This so-called suffering doesn’t chime with what I observe in shopping malls, restaurants, or even hawkers’ centres or coffee shops, or what my friends, relations or biz connections tell me: S’poreans are feeling more confident of confident of their prospects, and hence are spending more. Note, I’m not saying that there are no S’poreans suffering, but I take issue that the majority of S’poreans are suffering.
Well a recent Nielsen survey** of 501 S’poreans seems to confirm my view: that things are OK and improving, but not as great as PM is spinning. After all he got a GE to win.
Consumer confidence in Singapore is at its highest level in 10 consecutive quarters, with people remaining upbeat about personal finances and being more willing to spend.

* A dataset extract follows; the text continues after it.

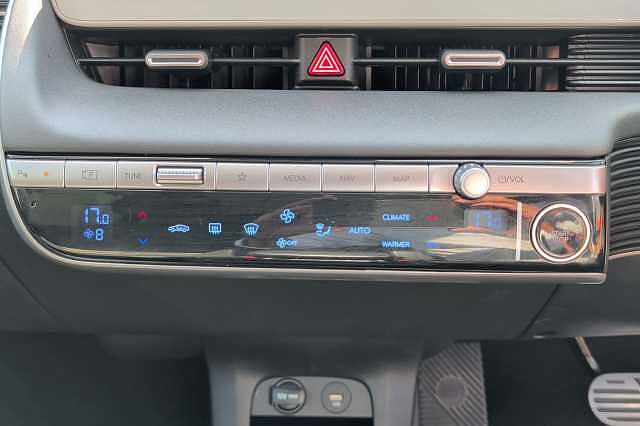 Hyundai IONIQ 5 160kW Ultimate 73 kWh 5dr Auto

According to the latest consumer confidence index released by Nielsen, Singapore recorded an index score of 99 in the first quarter, up two notches from 97 in the previous quarter … but still shy of the 100 baseline, has yet to reach optimism. Consumer confidence levels above and below a baseline of 100 indicate degrees of optimism and pessimism. [If things are as great as what PM, his ministers and their trumpeters*** in the constructive, nation-building media saying, shouldn’t the score be 150 and rising?]
The head of Nielsen Financial Services in Singapore and Malaysia was quoted as saying “The positive outlook on the economy and personal financial circumstances is starting to trickle down to consumers’ spending intentions: we notice an increase in the number of Singaporeans who are willing to spend money on discretionary expenses . . . if these intentions materialise, they could act as a further stimulus to the economy.”
So am I, Nielsen and those S’poreans spending more living in the same S’pore as our PM, or the people complaining via new media? Who is more reflectively of the reality of life in S’pore? PM and Heart Truths and friends are aliens that landed here on UFO Goh Meng Seng, the scourge of Pinoy Pride here?
Jokes about aliens and GMS aside, maybe
— PM and his ministers are out of touch, what with their huge salaries? Yesterday, I wrote “Of course Mah Bow Tan http://www.tremeritus.com/2014/05/01/netizens-agog-at-mah-bow-tans-fortune/and other millionaire ministers (present and retired) are not among these ‘lesser mortals”” in a piece of EFTs that mimic the strategies of hedge funds.
— It’s these new media warriors who are the suffering underclass and they think that they are representative S’poreans? Or they are fruscos who think that they should have been talent-spotted by the PAP? They are always claiming that the suffering is always the fault of the PAP govt, never an issue of personal responsibility or sheer bad luck, so maybe they have personal grievances against the PAP? BTW, I exclude TRE’s Richard Wan as he knows he has a comfortable living, and knows it.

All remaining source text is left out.